| Task directions |
Pictures stay out of the copy, which must hold exactly the lines from the one containing "2025 Ford Escape for sale in Des Plaines IL" through the end of the material below.

| Information supplied |
===
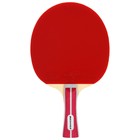 Ракетка для настольного тенниса BOSHIKA Advanced 2*, для любителей, накладка DOUBLE FISH 815 1.5 мм, коническая ручка - Фото 3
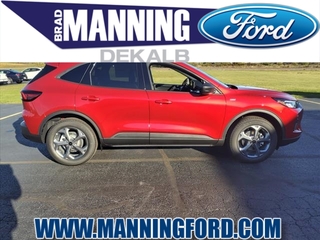 2025 Ford Escape for sale in Des Plaines IL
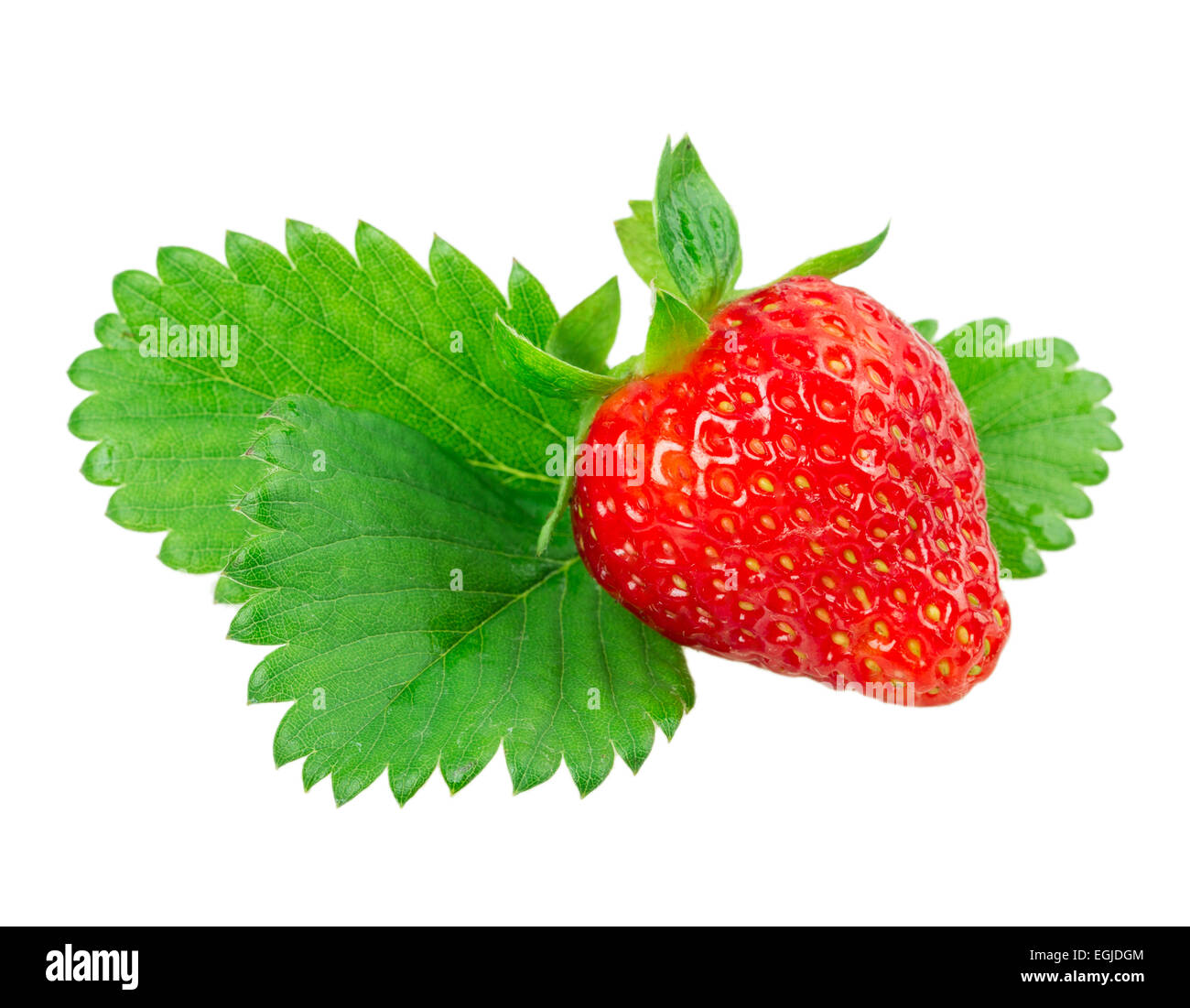 ripe strawberries isolated on white background Stock Photo - Alamy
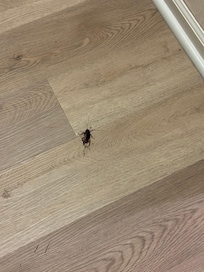 Giant roach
===
| Final answer |
 2025 Ford Escape for sale in Des Plaines IL
 ripe strawberries isolated on white background Stock Photo - Alamy
 Giant roach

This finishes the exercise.